Lorsque Paul eut fini cette savante explication, il jeta un regard, derrière lui, avec une expression qui, bien interprétée, aurait signifié : — Vous voyez que, quoique je ne me mêle pas souvent de pareils objets, je ne suis pas un ignorant.

Ce n’était pas la science de Paul qu’Hélène admirait ; son caractère franc, cordial et intrépide, joint à un extérieur très-agréable, avait suffi pour gagner le cœur de la jeune fille, sans qu’elle eût pris la peine de beaucoup réfléchir sur les qualités de son esprit. Elle devint rouge comme une rose en l’entendant parler ainsi ; ses jolis doigts jouaient avec la ceinture de Paul, à l’aide de laquelle elle se soutenait en croupe, et elle se hâta de prendre la parole ; comme si elle eût voulu empêcher ses autres compagnons de fixer leur attention sur une faiblesse dont elle désirait elle-même détourner la sienne.
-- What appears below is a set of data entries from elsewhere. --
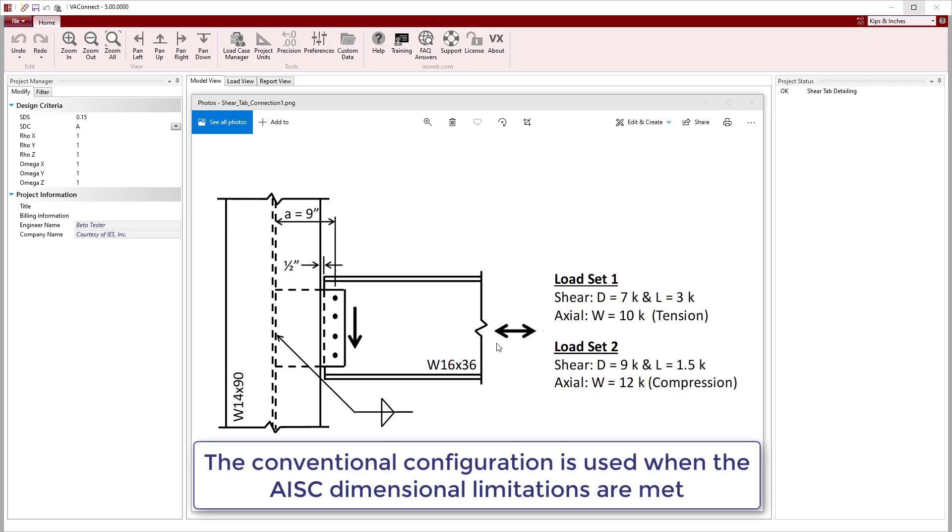Note, if the dimensional limitations outlined in AISC Part 10 are met, VA Connect automatically designs the connection using the procedure for the conventional configuration. Otherwise, the procedure for the extended configuration is used for design, which is the case for the connection shown in this detail.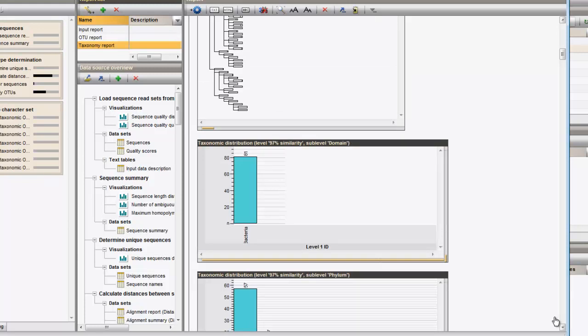Next, the different taxonomic distributions on each of the phylogenetic sublevels are displayed in detail.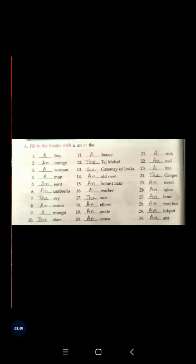Question number fourteen: dash old man. O here is a vowel, so before O it will be an. Question number fifteen: dash honest man. H is a consonant, but we use it as silent — we say 'honest', not 'honest' with a hard H. So as we pronounce the O sound, which is a vowel, before honest it will always be an.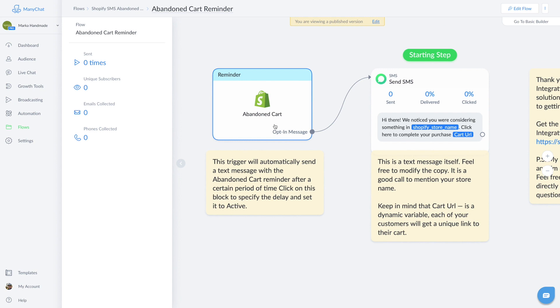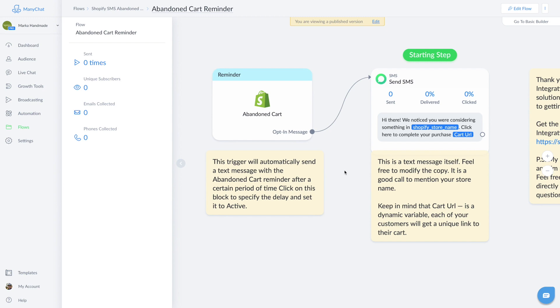ManyChat will automatically record revenue when someone clicks through on a flow that starts by using their Shopify abandoned cart trigger. This will help you quickly tally revenue that you rescue using ManyChat's Shopify integration. It's pretty cool.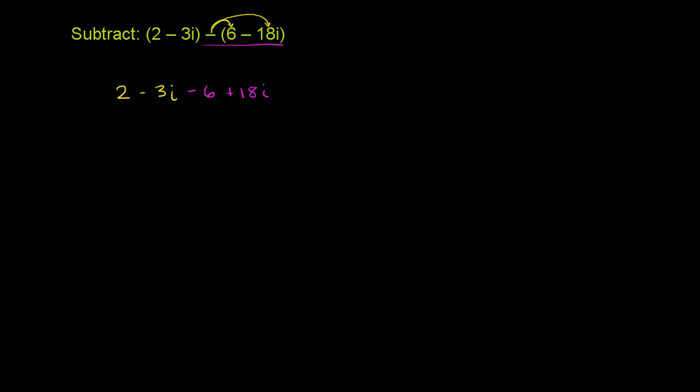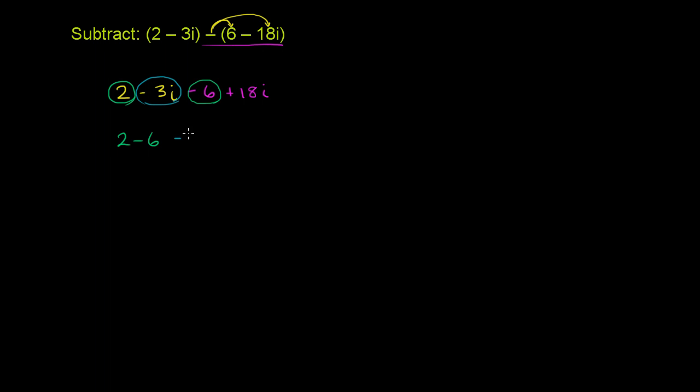Now we want to add the real parts and the imaginary parts. Here's a real part, 2, and then we have minus 6, so we have 2 minus 6. And we want to add the imaginary parts. We have negative 3i right over here, and then we have plus 18i or positive 18i.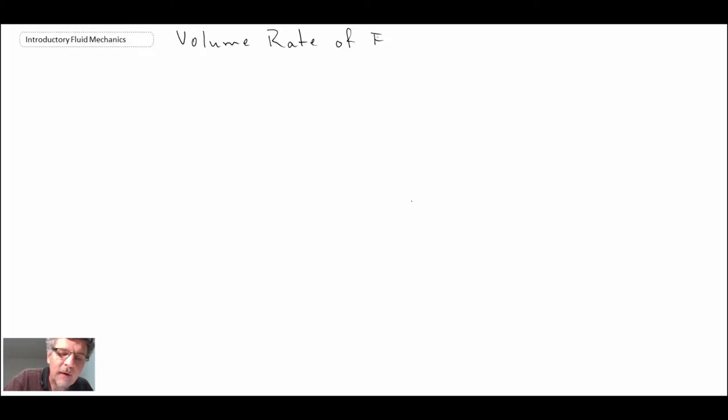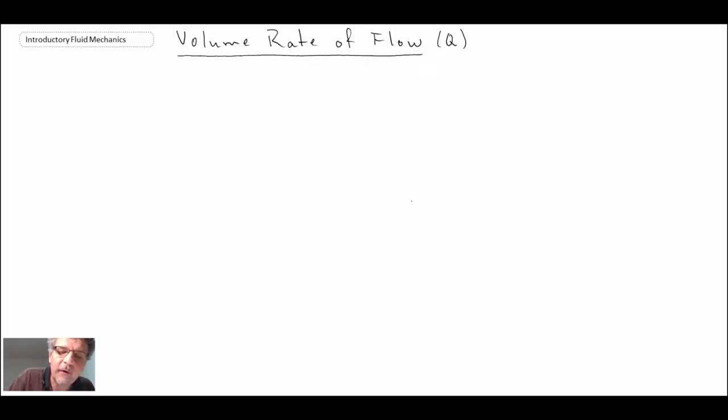We're now going to continue looking at different kinematic properties that we can evaluate with the velocity field. The next one we're going to look at is the volume rate of flow, which we will use quite often in fluid mechanics. We often denote volumetric flow rate, or volume flow, as Q.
— Et ainsi donc ce n’est pas un cheval, après tout ? dit-elle.

— Ce n’est ni plus ni moins que le cuir d’un buffle, dit le Trappeur, qui n’avait pas compris le commentaire de Paul mieux que le texte du docteur. Le poil étant en dessous, le feu a coulé par dessus, attendu que l’animal étant frais tué, la flamme n’a pu y trouver de prise. Il est possible qu’il y ait encore une portion de la chair sous cette peau.

— Soulevez-en un coin, vieux Trappeur, dit Paul du ton d’un homme qui venait de prouver qu’il avait le droit d’élever la voix dans le conseil ; s’il y reste une partie de bosse, elle doit être bien cuite, et nous ne serons pas fâchés d’en profiter.

Le vieillard rit de bon cœur de l’idée de son compagnon. Il poussa la peau avec le pied, et fut surpris de la voir remuer ; mais au même instant un guerrier indien, qu’elle cachait s’en débarrassa à la hâte, et se releva avec une rapidité qui prouvait qu’il regardait comme urgent de se montrer.


  1. Les chasseurs américains regardent la queue du castor comme le mets le plus nourrissant.